'''
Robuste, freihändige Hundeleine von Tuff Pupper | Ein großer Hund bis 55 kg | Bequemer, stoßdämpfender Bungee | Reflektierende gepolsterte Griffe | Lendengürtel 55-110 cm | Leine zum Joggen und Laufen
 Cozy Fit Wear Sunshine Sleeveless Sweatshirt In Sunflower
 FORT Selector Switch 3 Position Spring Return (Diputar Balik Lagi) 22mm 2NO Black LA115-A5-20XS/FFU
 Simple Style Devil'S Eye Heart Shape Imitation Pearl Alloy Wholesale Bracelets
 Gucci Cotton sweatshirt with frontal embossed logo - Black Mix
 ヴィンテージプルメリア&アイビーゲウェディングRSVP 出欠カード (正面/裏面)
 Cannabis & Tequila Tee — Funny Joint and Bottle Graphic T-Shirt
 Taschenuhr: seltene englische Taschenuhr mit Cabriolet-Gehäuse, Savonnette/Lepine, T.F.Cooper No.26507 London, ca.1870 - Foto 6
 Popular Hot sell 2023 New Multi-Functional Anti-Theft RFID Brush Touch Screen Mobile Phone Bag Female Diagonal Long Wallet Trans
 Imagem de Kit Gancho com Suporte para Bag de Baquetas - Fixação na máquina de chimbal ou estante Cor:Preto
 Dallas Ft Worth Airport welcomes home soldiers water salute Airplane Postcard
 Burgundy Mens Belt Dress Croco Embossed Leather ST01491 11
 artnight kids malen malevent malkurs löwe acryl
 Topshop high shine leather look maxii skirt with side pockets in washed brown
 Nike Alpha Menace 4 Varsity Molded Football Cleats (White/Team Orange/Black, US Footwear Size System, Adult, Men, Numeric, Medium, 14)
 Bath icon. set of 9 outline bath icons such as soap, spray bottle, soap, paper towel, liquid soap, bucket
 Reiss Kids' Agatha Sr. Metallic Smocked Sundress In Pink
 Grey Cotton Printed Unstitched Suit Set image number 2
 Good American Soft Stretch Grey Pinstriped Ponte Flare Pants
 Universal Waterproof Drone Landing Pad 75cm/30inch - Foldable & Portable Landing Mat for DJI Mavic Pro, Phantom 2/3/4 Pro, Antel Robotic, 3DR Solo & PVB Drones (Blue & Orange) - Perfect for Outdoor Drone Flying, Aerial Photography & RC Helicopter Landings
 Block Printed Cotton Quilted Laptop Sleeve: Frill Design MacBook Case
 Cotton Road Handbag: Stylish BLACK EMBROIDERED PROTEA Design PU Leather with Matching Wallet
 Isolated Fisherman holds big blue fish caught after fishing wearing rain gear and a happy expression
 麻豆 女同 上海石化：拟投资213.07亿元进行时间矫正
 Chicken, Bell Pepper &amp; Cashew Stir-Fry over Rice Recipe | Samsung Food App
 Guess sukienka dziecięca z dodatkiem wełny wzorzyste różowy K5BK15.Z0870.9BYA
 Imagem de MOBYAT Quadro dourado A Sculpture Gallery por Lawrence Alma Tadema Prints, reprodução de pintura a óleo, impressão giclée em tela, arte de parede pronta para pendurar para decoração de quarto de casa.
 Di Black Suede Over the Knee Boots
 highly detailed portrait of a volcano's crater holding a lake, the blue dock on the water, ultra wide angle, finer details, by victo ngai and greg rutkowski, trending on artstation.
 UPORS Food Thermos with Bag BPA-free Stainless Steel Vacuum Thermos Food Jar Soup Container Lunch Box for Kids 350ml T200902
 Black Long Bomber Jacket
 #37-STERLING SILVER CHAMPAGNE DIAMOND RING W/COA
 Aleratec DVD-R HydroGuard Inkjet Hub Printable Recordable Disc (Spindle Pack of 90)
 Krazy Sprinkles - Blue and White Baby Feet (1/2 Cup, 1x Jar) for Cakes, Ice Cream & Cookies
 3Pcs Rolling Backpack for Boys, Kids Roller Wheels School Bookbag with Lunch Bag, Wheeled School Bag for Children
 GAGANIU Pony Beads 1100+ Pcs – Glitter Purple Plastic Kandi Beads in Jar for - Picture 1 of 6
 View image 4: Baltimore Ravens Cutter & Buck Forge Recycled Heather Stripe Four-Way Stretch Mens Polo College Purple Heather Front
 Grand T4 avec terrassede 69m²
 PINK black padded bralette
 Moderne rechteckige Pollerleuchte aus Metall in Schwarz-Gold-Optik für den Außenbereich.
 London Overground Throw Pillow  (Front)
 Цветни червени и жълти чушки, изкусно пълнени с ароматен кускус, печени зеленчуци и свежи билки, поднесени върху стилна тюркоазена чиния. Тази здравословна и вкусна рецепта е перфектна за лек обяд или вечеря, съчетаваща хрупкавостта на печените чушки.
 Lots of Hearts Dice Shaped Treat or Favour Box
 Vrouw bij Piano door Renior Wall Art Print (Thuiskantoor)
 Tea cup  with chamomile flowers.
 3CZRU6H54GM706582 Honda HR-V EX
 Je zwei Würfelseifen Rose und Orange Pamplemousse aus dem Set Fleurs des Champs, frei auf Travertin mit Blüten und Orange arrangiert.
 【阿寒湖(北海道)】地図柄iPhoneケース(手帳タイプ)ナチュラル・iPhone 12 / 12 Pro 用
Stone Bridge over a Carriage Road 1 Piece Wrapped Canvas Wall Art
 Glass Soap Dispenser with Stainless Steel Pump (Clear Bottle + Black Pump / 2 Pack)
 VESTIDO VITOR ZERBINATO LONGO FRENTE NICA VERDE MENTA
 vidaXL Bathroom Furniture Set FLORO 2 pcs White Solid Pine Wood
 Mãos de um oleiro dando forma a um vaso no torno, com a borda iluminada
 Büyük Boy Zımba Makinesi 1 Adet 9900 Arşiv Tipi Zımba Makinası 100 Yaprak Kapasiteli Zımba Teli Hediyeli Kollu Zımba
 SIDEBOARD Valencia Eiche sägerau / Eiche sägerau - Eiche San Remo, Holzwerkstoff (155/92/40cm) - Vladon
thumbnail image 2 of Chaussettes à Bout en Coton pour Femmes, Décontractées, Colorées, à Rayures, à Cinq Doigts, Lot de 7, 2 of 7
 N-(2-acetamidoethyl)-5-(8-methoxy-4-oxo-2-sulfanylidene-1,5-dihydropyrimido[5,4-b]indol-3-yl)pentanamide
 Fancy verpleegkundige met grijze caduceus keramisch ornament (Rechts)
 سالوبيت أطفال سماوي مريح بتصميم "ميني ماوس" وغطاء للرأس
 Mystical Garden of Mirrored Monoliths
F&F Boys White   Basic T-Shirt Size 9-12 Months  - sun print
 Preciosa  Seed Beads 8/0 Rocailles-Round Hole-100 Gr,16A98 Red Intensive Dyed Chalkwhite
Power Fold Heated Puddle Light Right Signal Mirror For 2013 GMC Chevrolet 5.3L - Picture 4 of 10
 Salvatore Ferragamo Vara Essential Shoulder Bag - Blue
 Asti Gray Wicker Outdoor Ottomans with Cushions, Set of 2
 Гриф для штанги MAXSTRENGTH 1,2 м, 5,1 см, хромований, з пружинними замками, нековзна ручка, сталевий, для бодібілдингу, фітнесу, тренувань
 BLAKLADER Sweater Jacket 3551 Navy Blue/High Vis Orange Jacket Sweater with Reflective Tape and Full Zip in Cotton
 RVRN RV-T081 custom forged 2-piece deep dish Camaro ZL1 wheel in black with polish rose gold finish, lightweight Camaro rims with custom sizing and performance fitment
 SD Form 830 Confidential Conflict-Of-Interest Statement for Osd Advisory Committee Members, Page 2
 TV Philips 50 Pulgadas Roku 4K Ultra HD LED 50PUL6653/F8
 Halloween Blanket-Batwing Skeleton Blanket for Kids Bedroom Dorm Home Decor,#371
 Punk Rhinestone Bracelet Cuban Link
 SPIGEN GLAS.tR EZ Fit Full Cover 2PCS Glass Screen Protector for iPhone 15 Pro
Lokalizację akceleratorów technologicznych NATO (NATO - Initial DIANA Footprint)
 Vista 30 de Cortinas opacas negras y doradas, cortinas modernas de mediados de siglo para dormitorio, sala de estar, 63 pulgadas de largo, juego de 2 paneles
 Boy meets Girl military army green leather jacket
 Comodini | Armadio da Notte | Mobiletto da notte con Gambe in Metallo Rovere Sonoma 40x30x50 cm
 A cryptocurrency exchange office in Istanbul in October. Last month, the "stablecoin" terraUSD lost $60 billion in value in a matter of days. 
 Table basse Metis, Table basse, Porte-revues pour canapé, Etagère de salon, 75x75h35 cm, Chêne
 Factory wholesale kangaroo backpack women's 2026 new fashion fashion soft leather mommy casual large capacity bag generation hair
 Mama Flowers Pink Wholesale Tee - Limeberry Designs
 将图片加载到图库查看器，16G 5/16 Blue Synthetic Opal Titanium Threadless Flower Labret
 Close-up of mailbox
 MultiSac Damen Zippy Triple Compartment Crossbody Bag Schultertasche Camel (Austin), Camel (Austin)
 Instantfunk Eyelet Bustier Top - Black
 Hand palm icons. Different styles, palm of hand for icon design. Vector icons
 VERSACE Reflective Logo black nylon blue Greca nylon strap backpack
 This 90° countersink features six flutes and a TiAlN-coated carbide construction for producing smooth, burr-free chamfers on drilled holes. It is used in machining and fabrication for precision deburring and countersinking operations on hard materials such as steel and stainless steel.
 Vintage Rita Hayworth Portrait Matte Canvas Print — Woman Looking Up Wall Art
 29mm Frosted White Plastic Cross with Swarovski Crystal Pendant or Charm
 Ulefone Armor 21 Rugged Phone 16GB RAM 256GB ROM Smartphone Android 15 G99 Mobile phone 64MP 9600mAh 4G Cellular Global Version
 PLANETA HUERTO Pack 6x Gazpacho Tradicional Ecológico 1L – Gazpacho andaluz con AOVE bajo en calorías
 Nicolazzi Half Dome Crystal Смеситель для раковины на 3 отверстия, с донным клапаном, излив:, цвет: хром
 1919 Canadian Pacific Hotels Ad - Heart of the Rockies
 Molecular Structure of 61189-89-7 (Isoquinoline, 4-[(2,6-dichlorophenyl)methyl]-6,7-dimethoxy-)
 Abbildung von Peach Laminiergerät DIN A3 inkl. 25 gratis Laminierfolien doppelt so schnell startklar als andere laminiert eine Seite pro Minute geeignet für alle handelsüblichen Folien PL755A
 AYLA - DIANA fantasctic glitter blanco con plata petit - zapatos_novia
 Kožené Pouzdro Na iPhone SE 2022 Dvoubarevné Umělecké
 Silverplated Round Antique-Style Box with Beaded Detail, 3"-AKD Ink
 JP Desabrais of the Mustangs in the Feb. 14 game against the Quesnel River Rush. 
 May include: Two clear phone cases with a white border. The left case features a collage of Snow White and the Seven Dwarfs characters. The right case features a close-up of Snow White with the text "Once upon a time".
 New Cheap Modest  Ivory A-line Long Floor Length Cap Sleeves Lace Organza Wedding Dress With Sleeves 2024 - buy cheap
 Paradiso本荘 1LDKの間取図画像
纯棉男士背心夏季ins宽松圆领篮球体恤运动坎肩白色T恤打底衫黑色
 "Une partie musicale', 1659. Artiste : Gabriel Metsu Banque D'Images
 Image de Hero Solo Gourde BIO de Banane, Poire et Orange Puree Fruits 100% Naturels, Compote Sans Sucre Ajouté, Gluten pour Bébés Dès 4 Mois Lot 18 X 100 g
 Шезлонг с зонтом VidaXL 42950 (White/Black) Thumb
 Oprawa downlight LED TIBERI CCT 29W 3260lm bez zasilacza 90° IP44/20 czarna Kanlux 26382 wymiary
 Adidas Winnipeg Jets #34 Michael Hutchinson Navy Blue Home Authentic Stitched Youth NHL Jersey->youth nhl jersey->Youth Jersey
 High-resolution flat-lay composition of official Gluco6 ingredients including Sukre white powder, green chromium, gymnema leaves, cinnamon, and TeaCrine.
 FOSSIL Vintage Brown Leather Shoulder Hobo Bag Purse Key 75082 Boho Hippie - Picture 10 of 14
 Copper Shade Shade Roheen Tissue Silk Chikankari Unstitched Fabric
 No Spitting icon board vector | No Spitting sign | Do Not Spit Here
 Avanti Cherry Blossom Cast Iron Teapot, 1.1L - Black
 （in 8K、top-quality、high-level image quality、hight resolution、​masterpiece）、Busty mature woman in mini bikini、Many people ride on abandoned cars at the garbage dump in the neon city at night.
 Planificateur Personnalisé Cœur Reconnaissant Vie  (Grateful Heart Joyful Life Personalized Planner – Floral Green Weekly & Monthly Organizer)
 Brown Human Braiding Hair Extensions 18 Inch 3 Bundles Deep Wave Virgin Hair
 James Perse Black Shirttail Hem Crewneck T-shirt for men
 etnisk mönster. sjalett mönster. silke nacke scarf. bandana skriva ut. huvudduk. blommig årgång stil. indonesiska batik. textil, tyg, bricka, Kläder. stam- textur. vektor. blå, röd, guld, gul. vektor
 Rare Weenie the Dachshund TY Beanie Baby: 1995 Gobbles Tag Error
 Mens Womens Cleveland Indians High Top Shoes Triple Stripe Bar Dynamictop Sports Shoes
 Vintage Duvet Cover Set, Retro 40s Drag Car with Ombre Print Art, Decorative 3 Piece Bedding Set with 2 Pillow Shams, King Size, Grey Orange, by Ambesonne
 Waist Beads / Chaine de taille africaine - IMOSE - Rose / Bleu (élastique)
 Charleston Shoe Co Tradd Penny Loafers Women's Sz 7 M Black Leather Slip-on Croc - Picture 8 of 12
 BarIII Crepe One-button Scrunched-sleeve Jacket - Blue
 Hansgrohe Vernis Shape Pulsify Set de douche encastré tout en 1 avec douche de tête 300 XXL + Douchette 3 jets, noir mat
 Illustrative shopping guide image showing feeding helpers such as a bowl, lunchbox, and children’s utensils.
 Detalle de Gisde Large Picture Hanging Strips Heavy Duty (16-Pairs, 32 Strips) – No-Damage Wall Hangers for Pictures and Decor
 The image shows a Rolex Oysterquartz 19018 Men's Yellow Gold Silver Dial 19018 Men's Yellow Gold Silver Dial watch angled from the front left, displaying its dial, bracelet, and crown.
'''
— Task to carry out —
Copy only this part of the entries above: the line with "Vrouw bij Piano", the line with "Je zwei Würfelseifen", and the lines between, all exactly as written.

— Result of the task —
 Vrouw bij Piano door Renior Wall Art Print (Thuiskantoor)
 Tea cup  with chamomile flowers.
 3CZRU6H54GM706582 Honda HR-V EX
 Je zwei Würfelseifen Rose und Orange Pamplemousse aus dem Set Fleurs des Champs, frei auf Travertin mit Blüten und Orange arrangiert.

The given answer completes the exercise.